Oh is TV in NA made for the west rather than the east would you say?


----------



## ThirdMan

Seth Grimes said:


> Oh is TV in NA made for the west rather than the east would you say?


It's certainly easier to watch on the West Coast, assuming you can get home by 5pm, or have a DVR to watch it on delay. West Coast hockey and basketball games are pretty rough for those on the East Coast (10pm start).


----------



## Seth Grimes

ThirdMan said:


> It's certainly easier to watch on the West Coast, assuming you can get home by 5pm, or have a DVR to watch it on delay. West Coast hockey and basketball games are pretty rough for those on the East Coast (10pm start).


Then there's us in western Europe with mma and wrestling shows starting at 1am 💀


----------



## ThirdMan

Seth Grimes said:


> Then there's us in western Europe with mma and wrestling shows starting at 1am 💀


Yeah, it's certainly not ideal. If I lived in Europe, I'd just watch it on my PVR the next day. But I understand the impulse to want to watch live content live.


----------



## Seth Grimes

ThirdMan said:


> Yeah, it's certainly not ideal. If I lived in Europe, I'd just watch it on my PVR the next day. But I understand the impulse to want to watch live content live.
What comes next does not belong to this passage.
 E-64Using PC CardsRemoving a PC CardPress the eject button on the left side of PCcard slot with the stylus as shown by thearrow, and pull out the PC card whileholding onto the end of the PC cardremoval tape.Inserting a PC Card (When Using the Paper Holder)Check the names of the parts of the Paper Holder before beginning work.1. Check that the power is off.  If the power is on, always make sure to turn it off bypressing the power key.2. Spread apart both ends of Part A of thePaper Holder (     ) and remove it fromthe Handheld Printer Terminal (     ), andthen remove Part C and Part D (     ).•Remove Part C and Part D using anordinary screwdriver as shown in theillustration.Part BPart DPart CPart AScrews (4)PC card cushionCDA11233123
Yeah, I was busy and had to watch WM one time the day after, it was way worse. Luckily for me I catch a decent amount live cause of my night owl sleeping pattern, but yeah overall I hate the timing for these things. So the shows in Saudi I kinda like more hahaha


----------



## Mr. WrestleMania

Last week's Hour 3 beat everything in the timeslot on Cable AND Network TV, which is a first. This week's RAW number is in the neighborhood of this past week's SD, as well. Something AEW can't claim.


----------



## Mr. WrestleMania

RAW finished 2nd on Monday Night. Dynamite finished 6th for their night.


----------



## DammitChrist

Both shows performed fairly well against competition this week (at least to me).


----------



## Prosper

Showstopper said:


> Last week's Hour 3 beat everything in the timeslot on Cable AND Network TV, which is a first. This week's RAW number is in the neighborhood of this past week's SD, as well. *Something AEW can't claim.*





Showstopper said:


> RAW finished 2nd on Monday Night. *Dynamite finished 6th for their night*.
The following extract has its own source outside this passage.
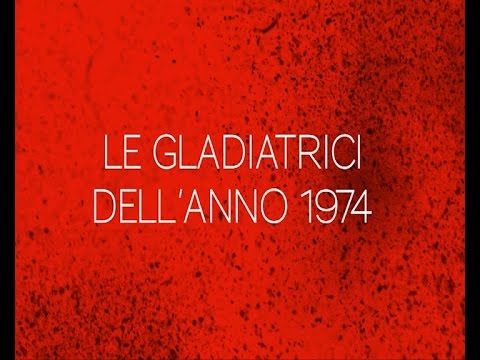 Le gladiatrici dell'anno 1974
You seem really threatened by AEW on a weekly basis lol. You're comparing them like WWE is not expected to be ahead by anyone who understands brand equity.


----------



## Mr. WrestleMania

Prosper said:


> You seem really threatened by AEW on a weekly basis lol. You're comparing them like WWE is not expected to be ahead by anyone who understands brand equity.


If certain people are going to dish it in this thread, they're going to have to learn how to take it to. Go have a seat next to the guy who predicted Raw wouldn't get a TV deal last time around. Great company, there.


----------



## Randy Lahey

Showstopper said:


> RAW finished 2nd on Monday Night. Dynamite finished 6th for their night.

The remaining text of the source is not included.